Roughrigg Reservoir to Stay After Customers Have their Say

Roughrigg Reservoir to Stay After Customers Have their Say

Scottish Water has taken the decision to retain Roughrigg Reservoir in North Lanarkshire following a wide public consultation with local communities.

The Category A reservoir, which is no longer used to supply water, needs a significant amount of work in the interests of safety to meet the latest guidance under the Reservoirs Scotland Act.

An option to breach the popular fishing spot and plant woodland was being considered, alongside works to install new siphons at the dam.

Earlier this year, the local communities of Airdrie, Chapelhall and Salsburgh, were asked for their input on the future of Roughrigg.

An overwhelming majority of our customers described the positive impact this outdoor amenity on their doorstep has on their lives, mental health, and wellbeing.

Taking this into account, Scottish Water has further reviewed the options and decided that, at this time, keeping the reservoir offers many community benefits. However, should regulations change, and further large investment be required in the future, the situation will be reviewed again.

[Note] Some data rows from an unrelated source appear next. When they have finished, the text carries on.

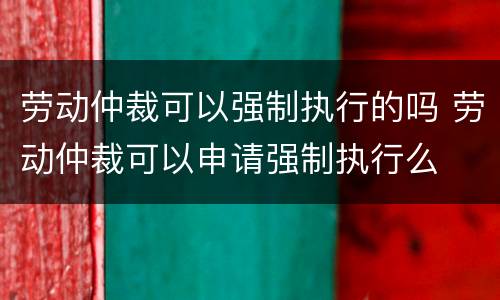 劳动仲裁可以强制执行的吗 劳动仲裁可以申请强制执行么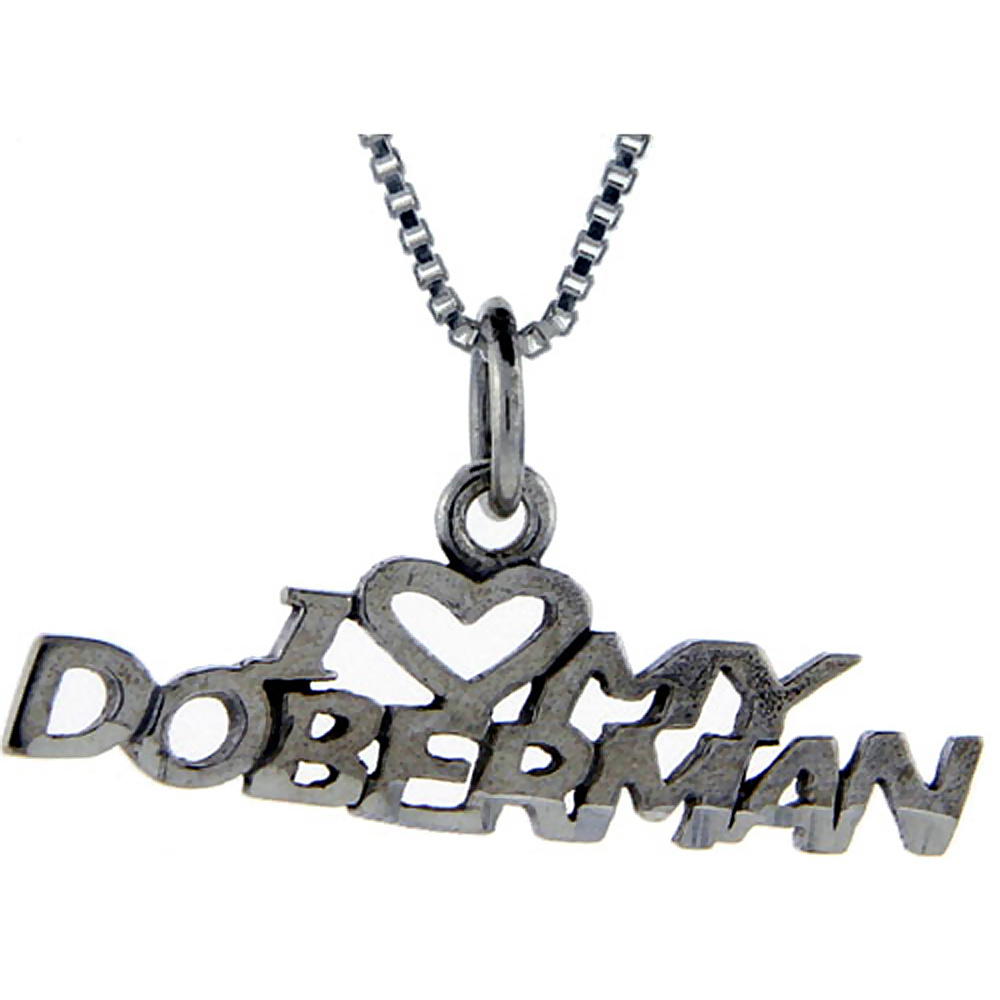Sterling Silver I Love My Doberman Word Pendant Talking Charm for Women and Men 1 inch wide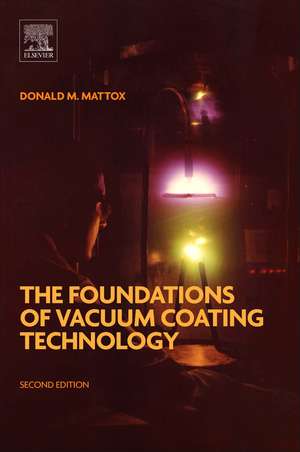 The Foundations of Vacuum Coating Technology de Donald M. Mattox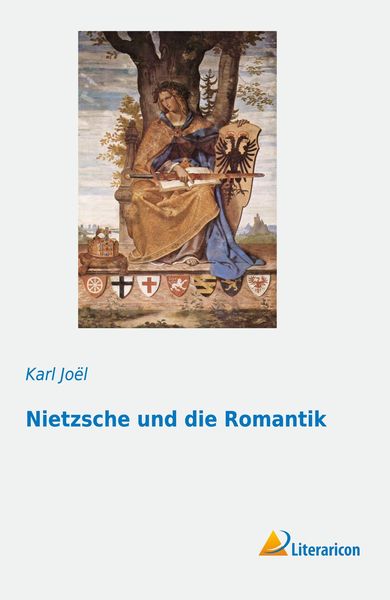 Nietzsche und die Romantik, Taschenbuch von Karl Joël, Literaricon, 9783956972430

The decision was welcomed by the Roughrigg Angling Association whose members are the most frequent visitors at the reservoir and have been fishing there for almost 25 years.

Club Treasurer Margaret Makemson said: “Roughrigg Angling Club would like to thank Sottish Water for making the decision in favour of the club and for the wider benefit of the people of North Lanarkshire. This will be appreciated more than words can say.”

Airdrie and Shotts MSP Neil Gray, added: “I am absolutely delighted that the work we have done with Scottish Water, and the huge consultation feedback from the community, has saved the reservoir.

“I am obviously delighted for the Angling Club, who first approached me concerned about the potential loss of the reservoir, but also those in the local community who use the site.

“I greatly appreciate the responsiveness of Scottish Water and their willingness to genuinely consult on this issue. I will continue to work with them on the work that needs done both to the reservoir and the surrounding area to make it more accessible.”

Roughrigg will now be retained, using siphons to protect downstream properties and the project is already in the design stages, with completion expected by autumn next year.

The reservoir is already hugely popular for fishing, and local dog walkers. As part of the design process, Scottish Water will look to identify any potential improvements which could be made to encourage more visitors to enjoy and use the scenic beauty spot.

Andrew Dunbar, Water Service Strategy General Manager for Scottish Water said: “The views of our customers are very important to us and our engagement with the local communities helped us understand the importance they place on access to this reservoir.

“I’m very pleased we were able to achieve a positive outcome for the community, supporting the health and wellbeing of the nation.

“Scottish Water is committed to promoting access to the natural environment and encouraging communities to enjoy and protect it.”